▶ **Dataset**:
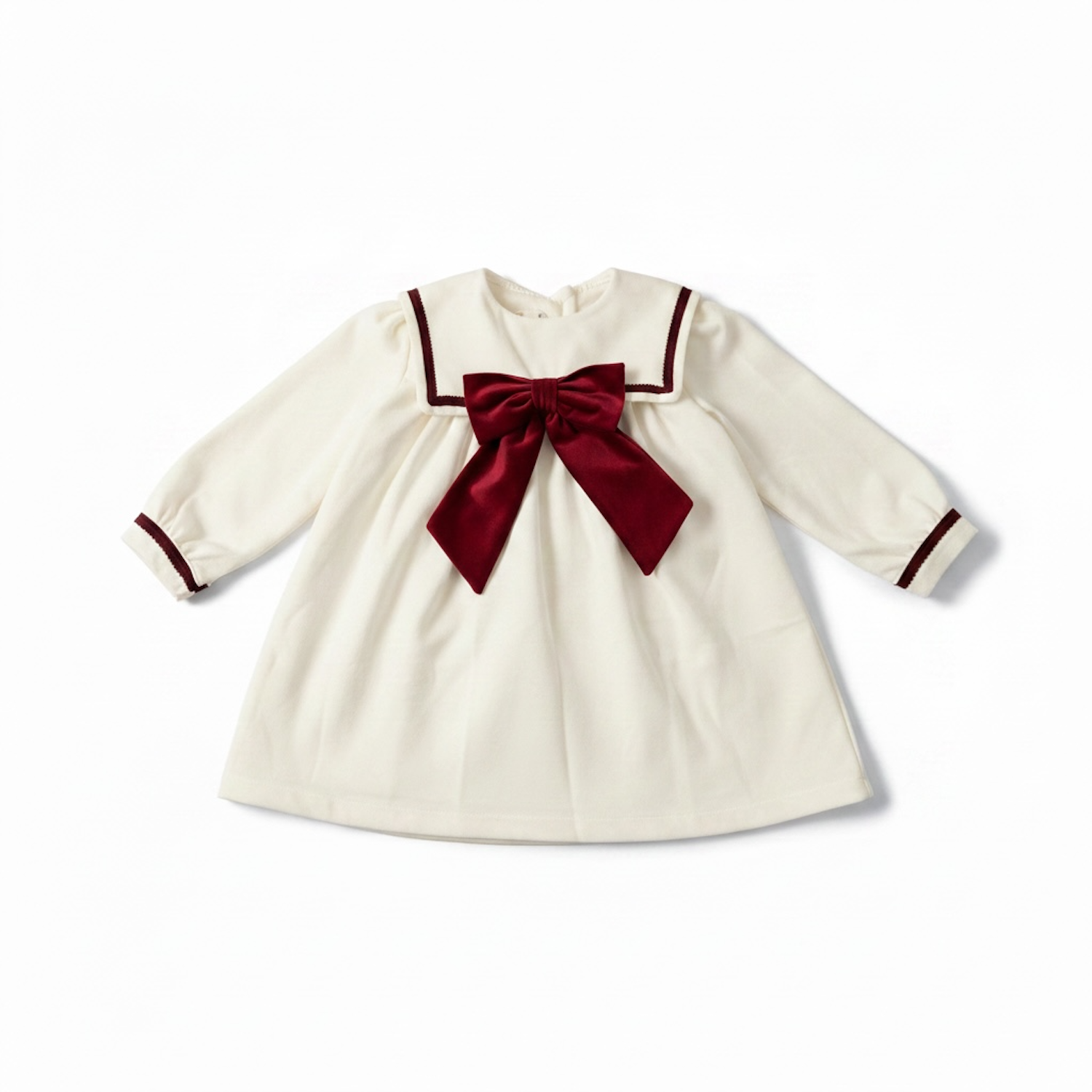 Ivory & Burgundy Velvet Trim Dress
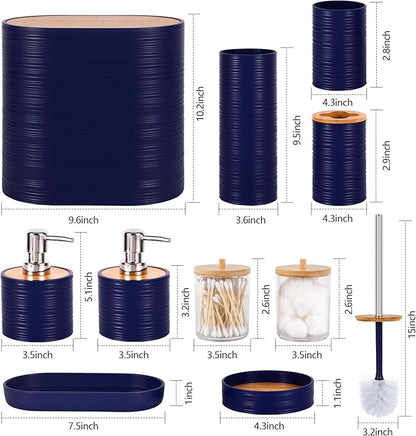 Bathroom Accessory Set,10 PCS Navy Blue Bathroom Set with Trash Can,Toothbrush Holder,Soap Dispenser,Toothbrush Cup,Vanity Tray,Soap Dish,Toilet Brush,Qtip Holders
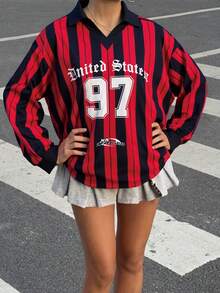 Muchica 女士休闲撞色 Polo 领长袖宽松 T 恤，适合秋冬季 - 彩色 - 查看 5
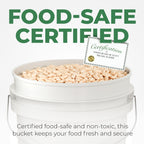 5-Gallon White Bucket Pail Container with Lid | Food Grade | Heavy-Duty Approx 90 MIL Extra Durable | Metal Handles with Plastic Grip | Multi-Use | Easy Stack and Store | BPA Free - 3 Pack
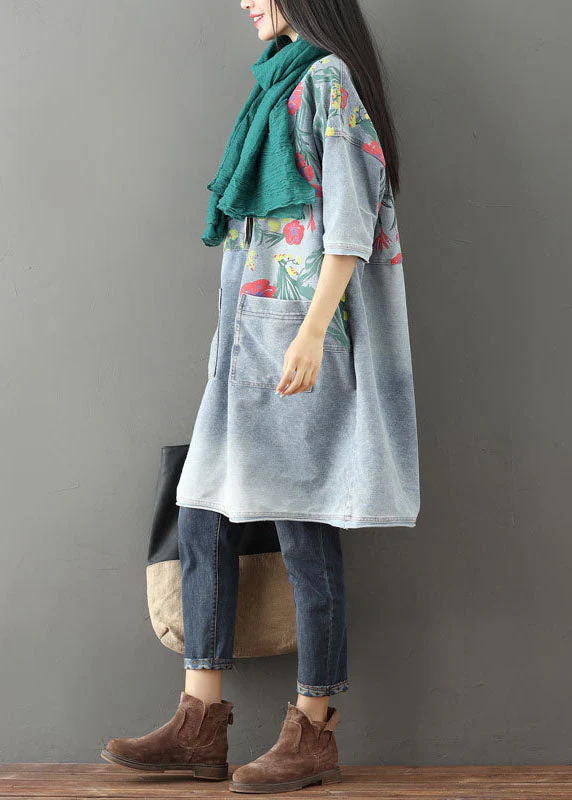 Light Blue Pockets Print Denim Mid Dress O Neck Summer - Image 4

▶ **The task**: Nothing but the pictures may be dropped; output the records above exactly.

▶ **Solution for this task**:
 Ivory & Burgundy Velvet Trim Dress
 Bathroom Accessory Set,10 PCS Navy Blue Bathroom Set with Trash Can,Toothbrush Holder,Soap Dispenser,Toothbrush Cup,Vanity Tray,Soap Dish,Toilet Brush,Qtip Holders
 Muchica 女士休闲撞色 Polo 领长袖宽松 T 恤，适合秋冬季 - 彩色 - 查看 5
 5-Gallon White Bucket Pail Container with Lid | Food Grade | Heavy-Duty Approx 90 MIL Extra Durable | Metal Handles with Plastic Grip | Multi-Use | Easy Stack and Store | BPA Free - 3 Pack
 Light Blue Pockets Print Denim Mid Dress O Neck Summer - Image 4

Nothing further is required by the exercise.